*SUPPLIED RECORDS:*
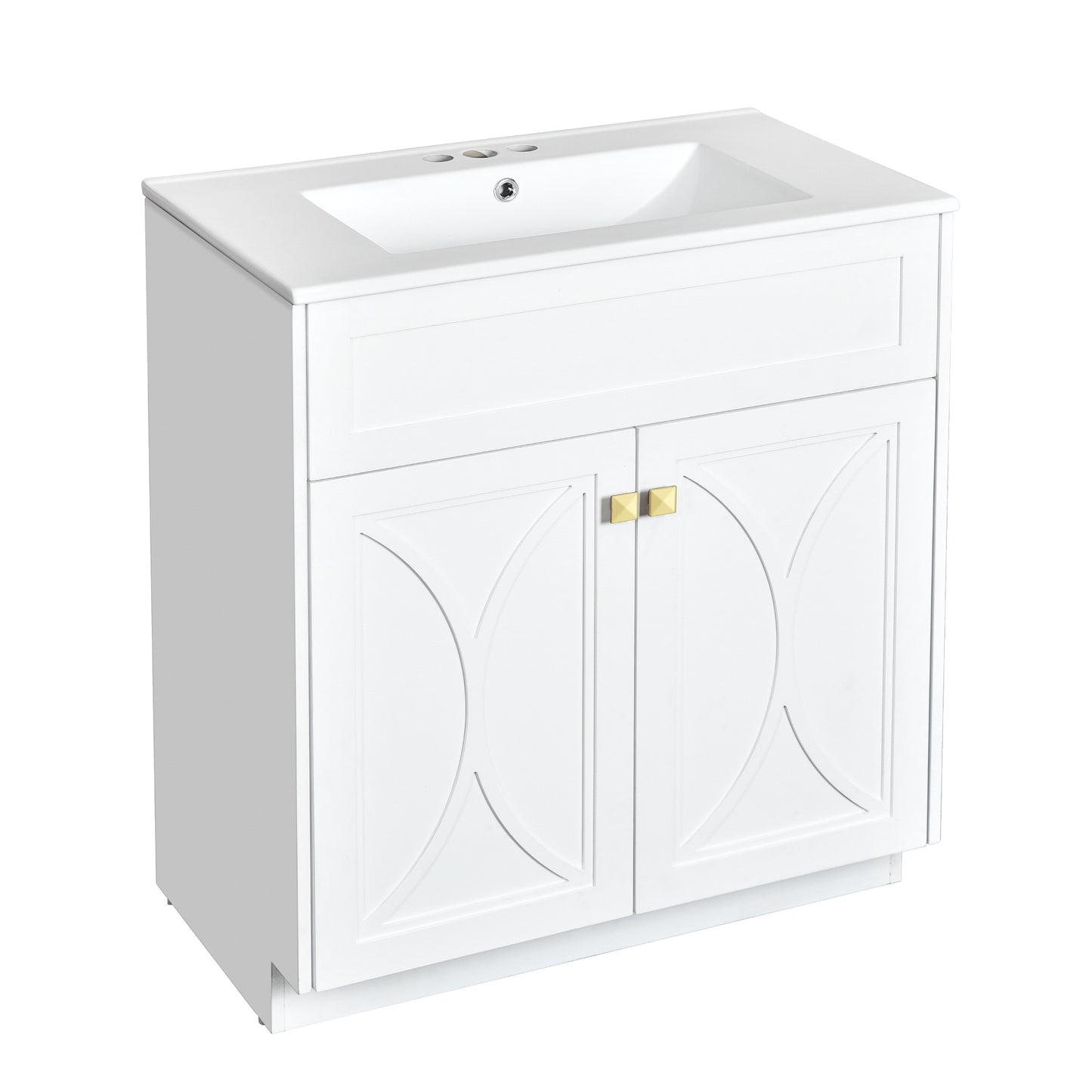 VanityFus 30-in White Bathroom Vanity Single Sink Combo with Ceramic Top Undermount 2 Soft Close Doors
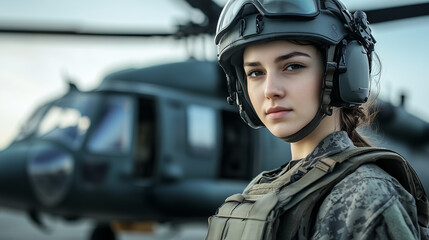 female soldier military helicopter pilot in gear and helmet standing against helicopter background with copy space representing women in military service and airborne missions
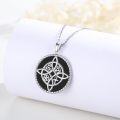 wholesale Silver Celtic Knot Pendant with 925 Sterling Silver Chain and Gemstones (Abalone Shell Malachite Turquoise Black Onyx)-0-4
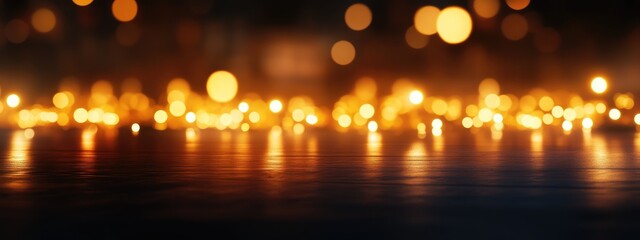 Wall Mural - blurred warm bokeh lights on a dark background with reflective surface and ample copy space for text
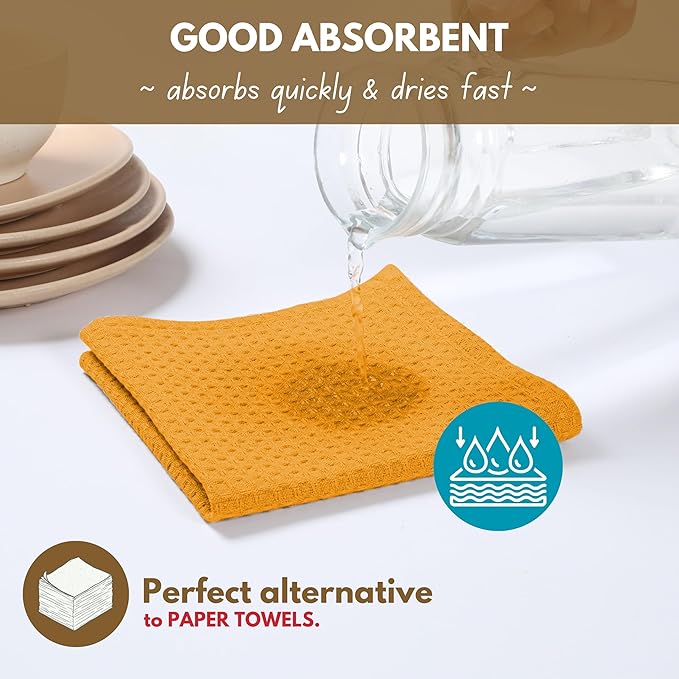 Native Fab 18 Pack Waffle Dish Cloths - 100% Cotton, Absorbent, Quick Drying, Washable Towels for Cleaning, Cooking, Baking - Great for Home, Restaurants, Bars & Cafes - 12 x 12 inch, Mustard Yellow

*WHAT IS REQUIRED:*
Could you repeat all of the data exactly, minus the pictures?

*ANSWER FOR THIS EXERCISE:*
 VanityFus 30-in White Bathroom Vanity Single Sink Combo with Ceramic Top Undermount 2 Soft Close Doors
 female soldier military helicopter pilot in gear and helmet standing against helicopter background with copy space representing women in military service and airborne missions
 wholesale Silver Celtic Knot Pendant with 925 Sterling Silver Chain and Gemstones (Abalone Shell Malachite Turquoise Black Onyx)-0-4
 Wall Mural - blurred warm bokeh lights on a dark background with reflective surface and ample copy space for text
 Native Fab 18 Pack Waffle Dish Cloths - 100% Cotton, Absorbent, Quick Drying, Washable Towels for Cleaning, Cooking, Baking - Great for Home, Restaurants, Bars & Cafes - 12 x 12 inch, Mustard Yellow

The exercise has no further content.